== What you are asked to do ==
From the line that contains "アイワホーム株式会社　青木明子さん" down to the final line of the listing below, set down every line exactly, both ends included, and drop the pictures.

== Listed records ==
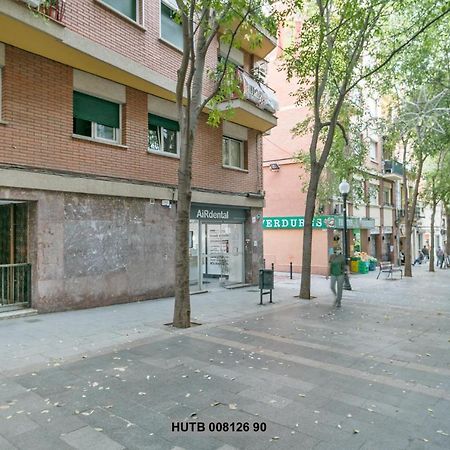 Alcam Rogent Apartment Barcelona Luaran gambar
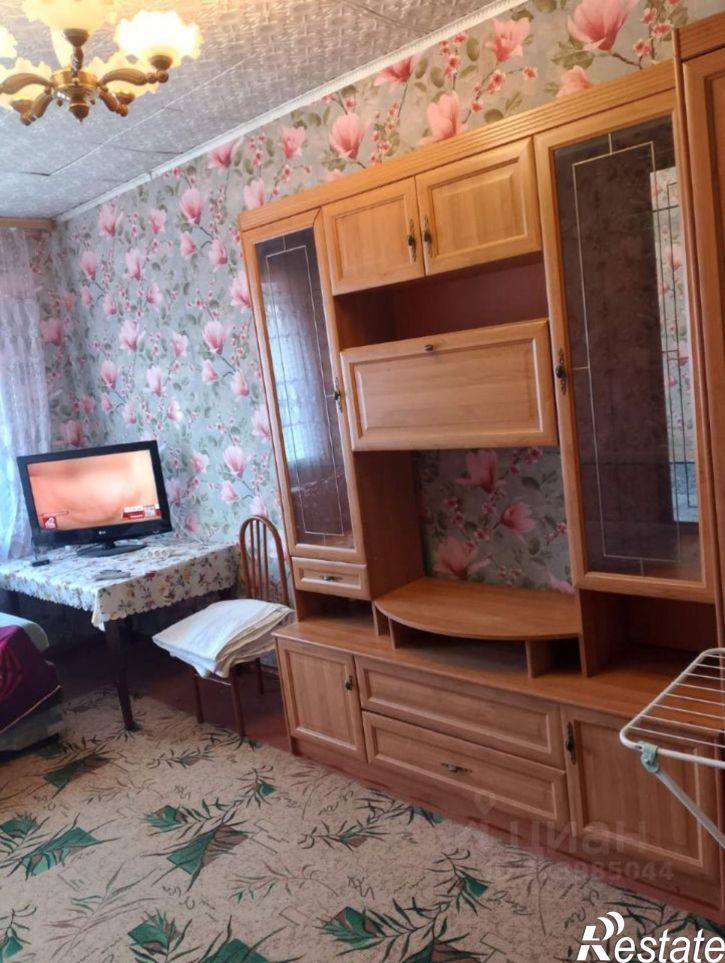 2-комн квартира улица Евгения Гаюсана, 34,  д. 34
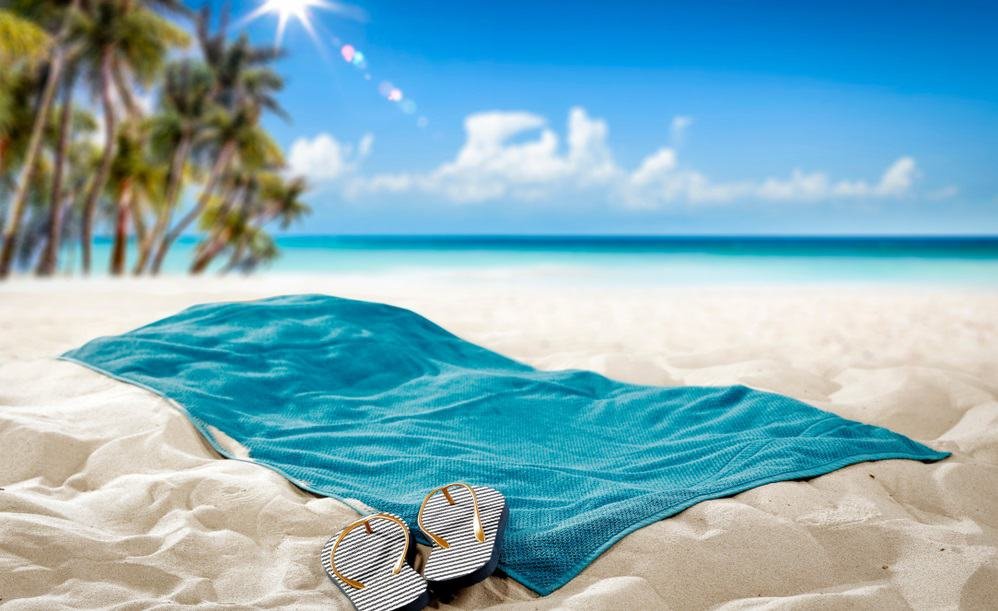 Microfiber towels, Best Microfiber Towels, quick dry towels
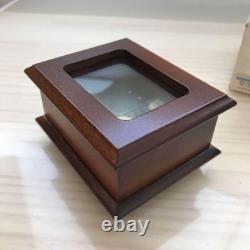 Reuge Music Box Romance Haili Hailo NO3034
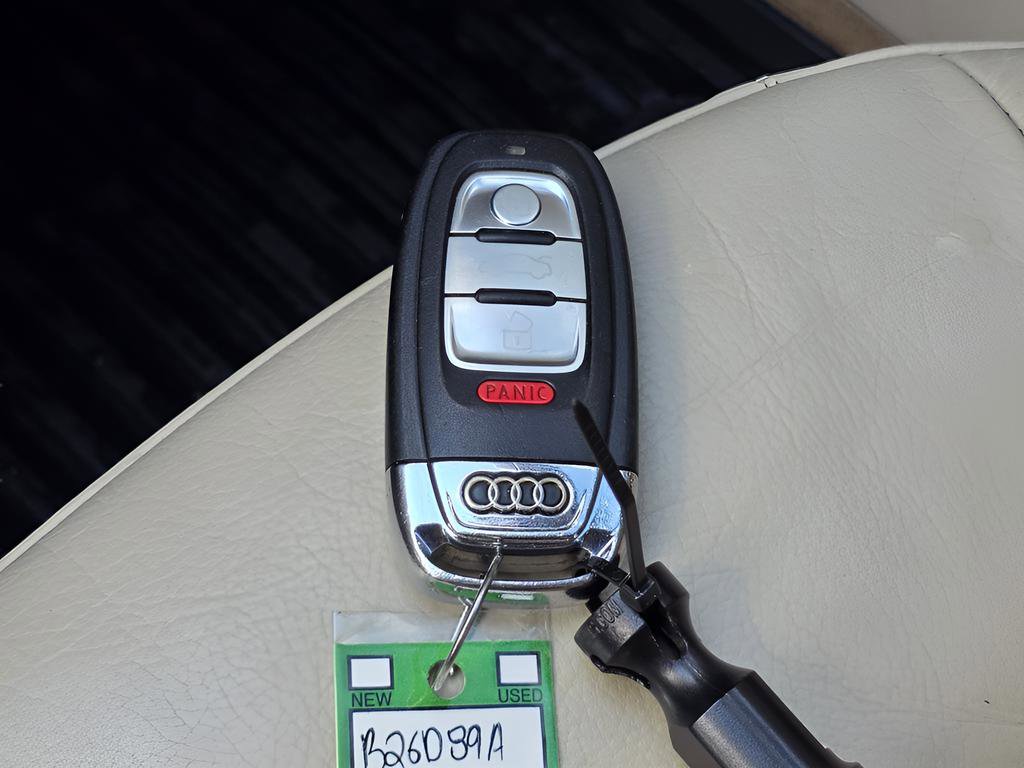 Used 2017 Audi A6 2.0T Premium Plus w/ Premium Plus Package FWD image 36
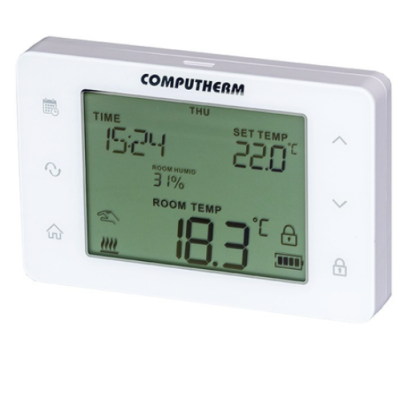 Програматор тижневий COMPUTHERM Q20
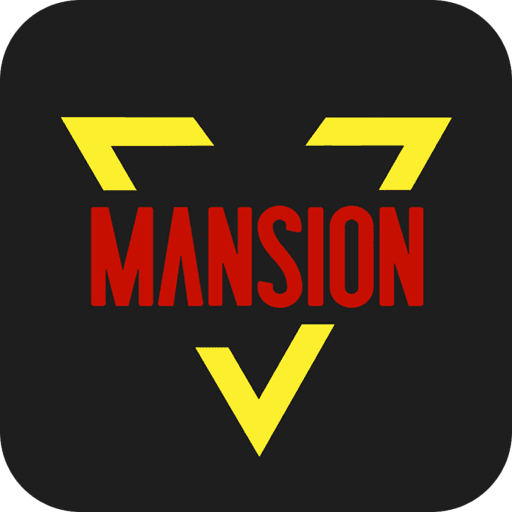 MANSION BAR
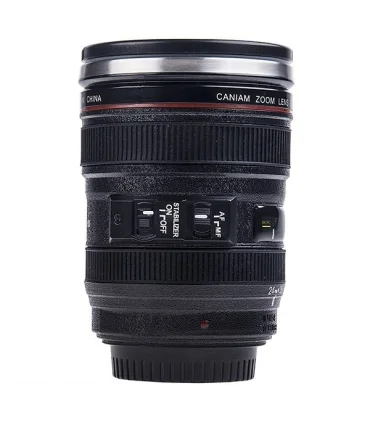 تراول ماگ 350 میل طرح لنز کد: 86388-15 | متفرقه |5591022301609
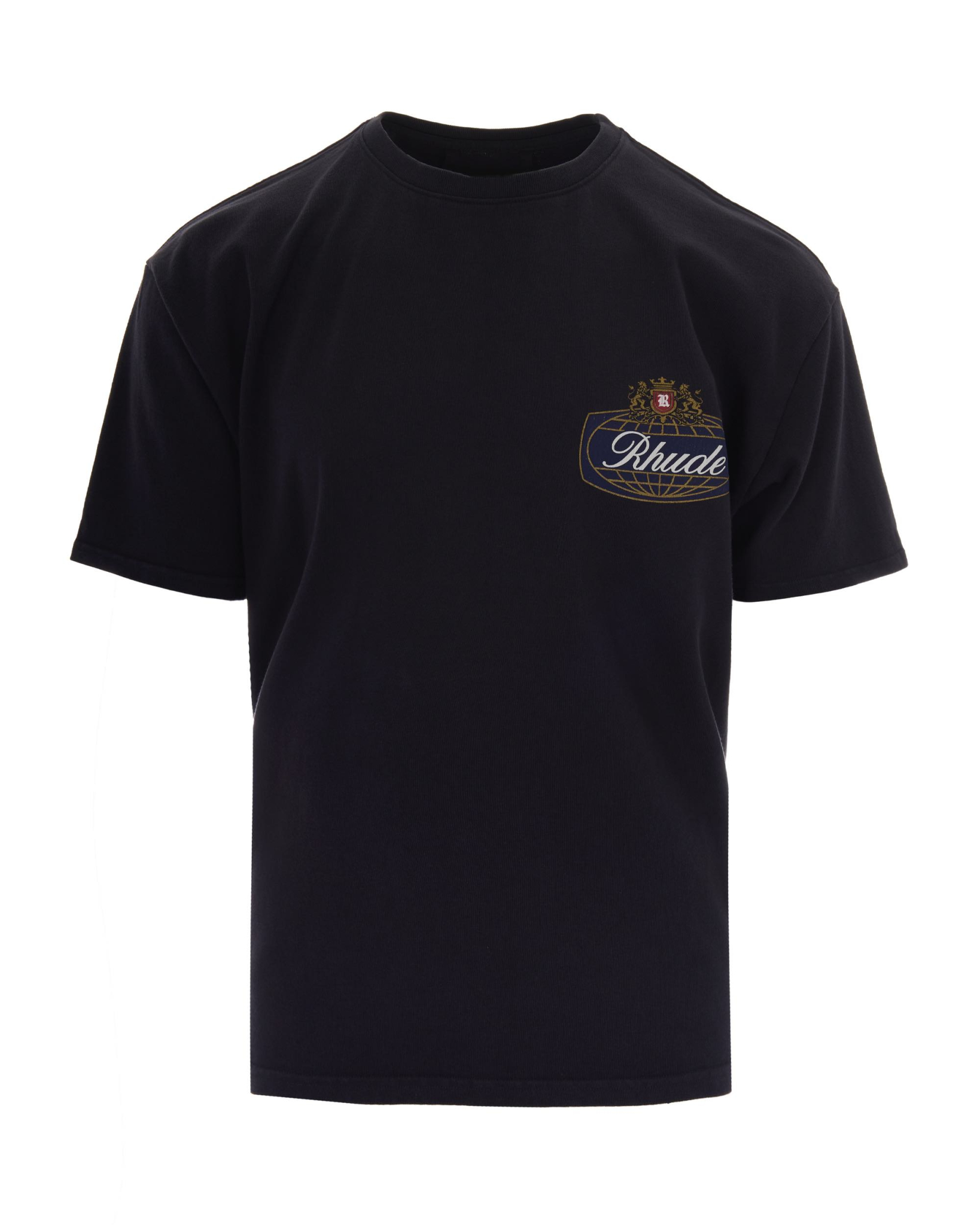 [Rhude] T-shirts Short Sleeve FW26 RHPF26TT020126500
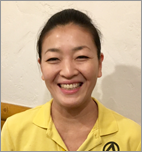 アイワホーム株式会社　青木明子さん
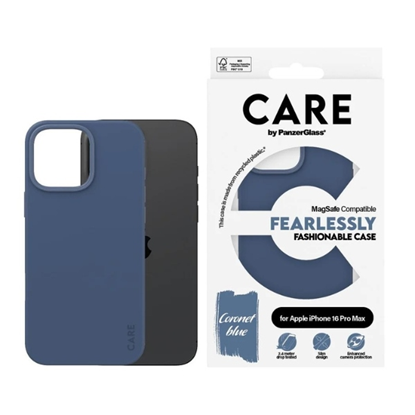 Picture of CARE by PanzerGlass Fashion Case iPhone 16 Pro Max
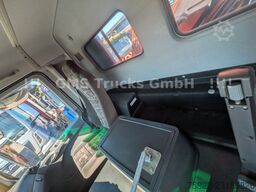 MERCEDES-BENZ Actros 1832 / 4X4 ALLRAD / EPS / Full Steel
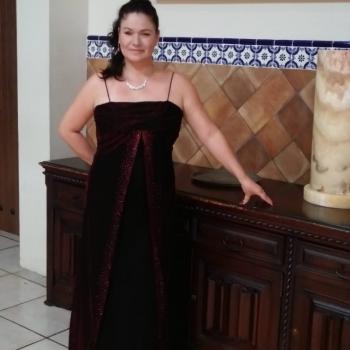 Niñera en Neza: Mary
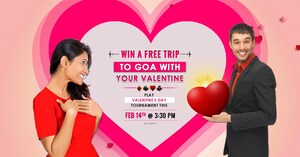 Adda52 Rummy Launches Valentine's Day Tournament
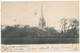 Chichester Cathedral (W.), 1902 Postcard - Chichester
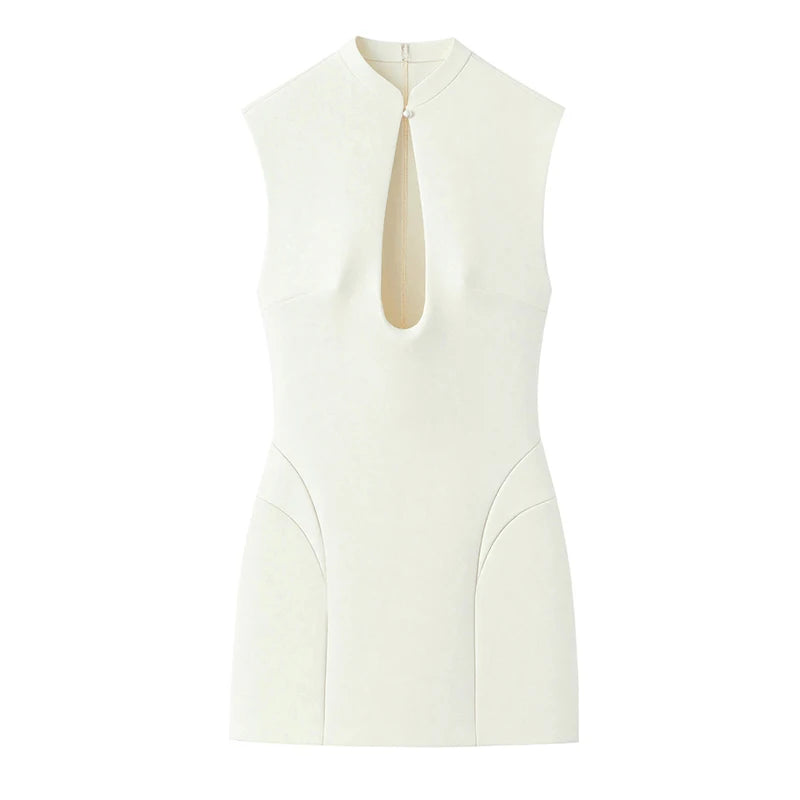 SONNA MINI DRESS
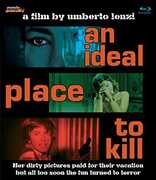An Ideal Place to Kill , Ornella Muti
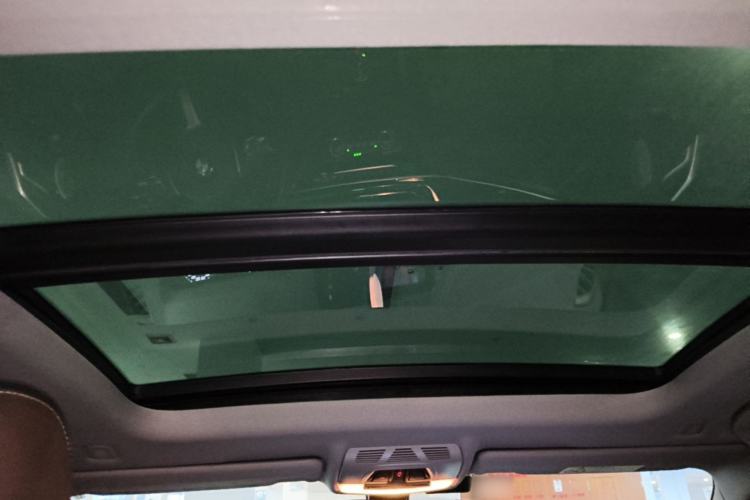 Used BMW 1 Series 2021 Revised 120i M Sport Night Edition Headliner
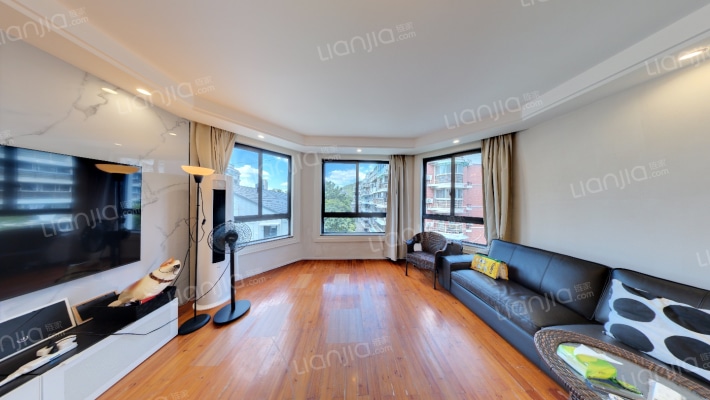 龙王公寓二手房实景图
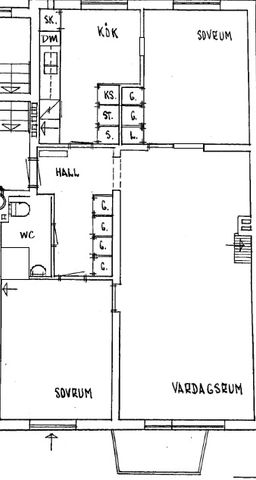 Tegnérvägen, Katrineholm - Photo 4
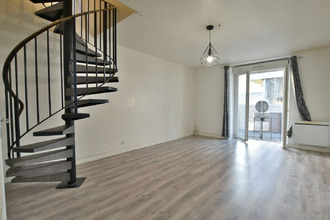 achat maison cholet 49300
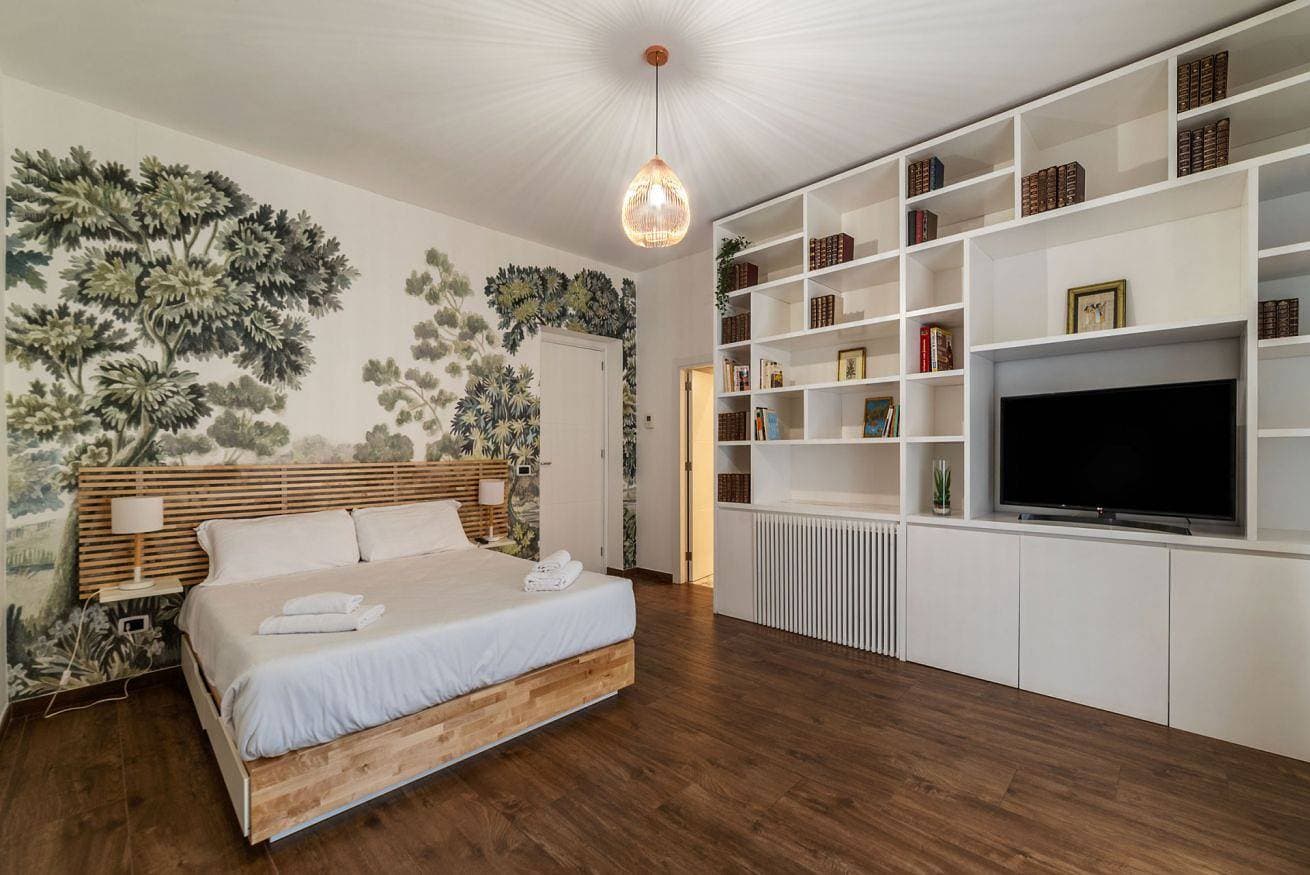 Foto 6 von 39: Ferienwohnung für 2 Personen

== Solution for this task ==
 アイワホーム株式会社　青木明子さん
 Picture of CARE by PanzerGlass Fashion Case iPhone 16 Pro Max
 MERCEDES-BENZ Actros 1832 / 4X4 ALLRAD / EPS / Full Steel
 Niñera en Neza: Mary
 Adda52 Rummy Launches Valentine's Day Tournament
 Chichester Cathedral (W.), 1902 Postcard - Chichester
 SONNA MINI DRESS
An Ideal Place to Kill , Ornella Muti
 Used BMW 1 Series 2021 Revised 120i M Sport Night Edition Headliner
 龙王公寓二手房实景图
 Tegnérvägen, Katrineholm - Photo 4
 achat maison cholet 49300
 Foto 6 von 39: Ferienwohnung für 2 Personen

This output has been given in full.